# GOAL OF THE EXERCISE:
Where the data below shows a picture, leave that picture out and copy the rest exactly.

# DATA EXTRACT:
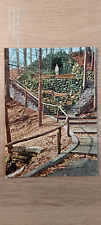 Postkarte ehrenfeld naturpark gebraucht kaufen  Thedinghausen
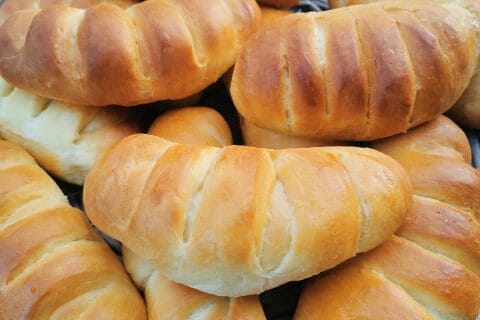 Photos des recettes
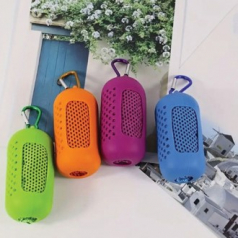 332 휴대용 스포츠 타월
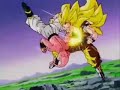 Dragon Ball Z Immediate Music - Serenata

# TASK ANSWER:
 Postkarte ehrenfeld naturpark gebraucht kaufen  Thedinghausen
 Photos des recettes
 332 휴대용 스포츠 타월
 Dragon Ball Z Immediate Music - Serenata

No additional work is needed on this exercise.